Old Town School dances its way across the street

It's been 10 years since the Old Town School of Folk Music expanded its facilities to the former Hild Library in the heart of Lincoln Square. Student and audience numbers have since doubled, so the institution is planning  a  new $13.5 million facility across the street.

"We are at full capacity at peak times," says Eric Delli Bovi, the school's director of external affairs. "Controlling growth is always an issue."

Though the school is best known for its instrumental offerings, it provides 130 classes every week in dance and movement for adults and children. Currently, those classes are limited to 3 studios at the Lincoln Square location and one studio at the Lincoln Park location.

Dance figures prominently in preliminary plans for the 28,000 square-foot arts presentation and education facility.  The plans include sound-engineered classrooms as well as a variety of dance-friendly features: 5 studios, sprung floors, changing facilities, showers and a performance stage with wings.

The performance area will seat 150 and serve as an additional stage for local artists, student recitals, poetry slams, and a number of other possibilities.

Old Town's current Lincoln Square center is at 4544 North Lincoln. The new facility, expected to open in 2011, will be across the street, between Bridgeview Bank and Riehn Insurance.

Fundraising efforts are in full swing, Delli Bovi says a large part of the initial process has been educating potential donors about the School's dance program. One way they've achieved this is through a video called, "How We Dance." It features clips from a number of dance classes currently offered, and is posted on You Tube.

Individual donors have already pledged $2.1 million toward the $13.5 million dollar goal. After the architectural plans are finished, the school will approach corporations, foundations and government agencies for the meat of the funding.

One reason for the hefty price tag is that the building will be "green." When the OTSFM Administration surveyed staff and students about their "wish list" for the new facility, the number one request was that it be environmentally friendly. Delli Bovi says that they are shooting for the LEED "Gold" rating; the second highest rating in the LEED Green Building Rating System.

"These features require a significant initial investment, but will save on annual energy costs and lessen the environmental impact over the long run," says  Delli Bovi.

The school has conducted parking studies to make sure the area could withstand any additional congestion, says Delli Bovi.
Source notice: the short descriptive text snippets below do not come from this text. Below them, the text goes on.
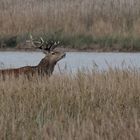 Hirsch am Bodden (Darß)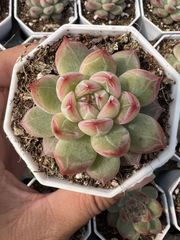 発売中 オレンジスノーボール 4株セット 抜き苗 美苗 エケベリア 多肉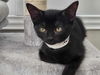 adoptable Cat in  named Wednesday Addams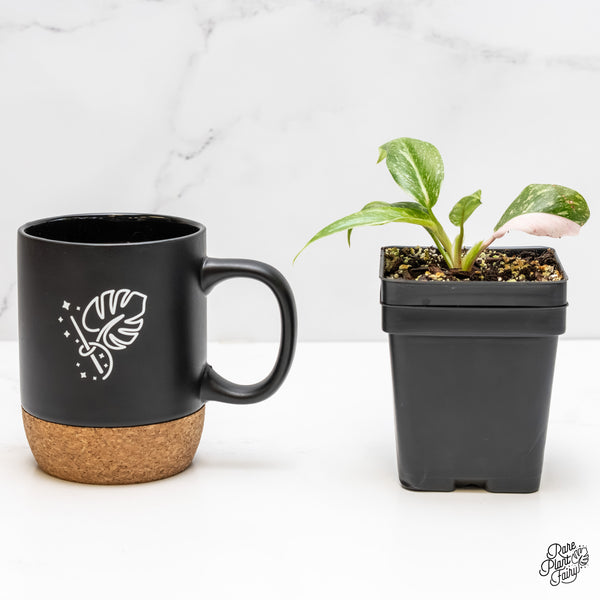 Philodendron 'Scarlet Princess' ('Red Anderson' Mutation) Variegated (wk5-A)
The meter lot next to the Bad Dog Tavern will still be available, as will street parking.

Many residents say they support the project.
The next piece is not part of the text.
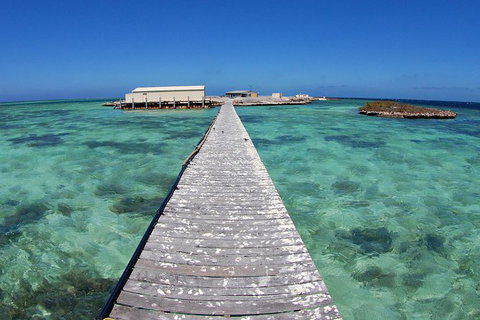 Abrolhos Islands 5 Day Tours - Attractions Melbourne 4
Elizabeth Illy, who lived in Lincoln Square in 1961 and moved back 10 years ago, says that she supports all of the School's projects.

"My nieces take classes there. The Old Town School of Folk Music is a positive thing," she says. "They keep the arts and music alive in the neighborhood."

Six-year Lincoln Square resident Bernard Mount says, "I think it is good for the community and local businesses."

Jennifer Davis, who just purchased a condo in the area says, "That's great that they're able to expand the dance program. The OTSFM is a great place."

47th Ward Alderman, Gene Schuster also welcomes the addition.

"I am very excited to see the Old Town School of Folk Music respond to the interest of the community by developing expansion plans," he says. "Their goal to create a space dedicated to dance will be another incredible asset to our community."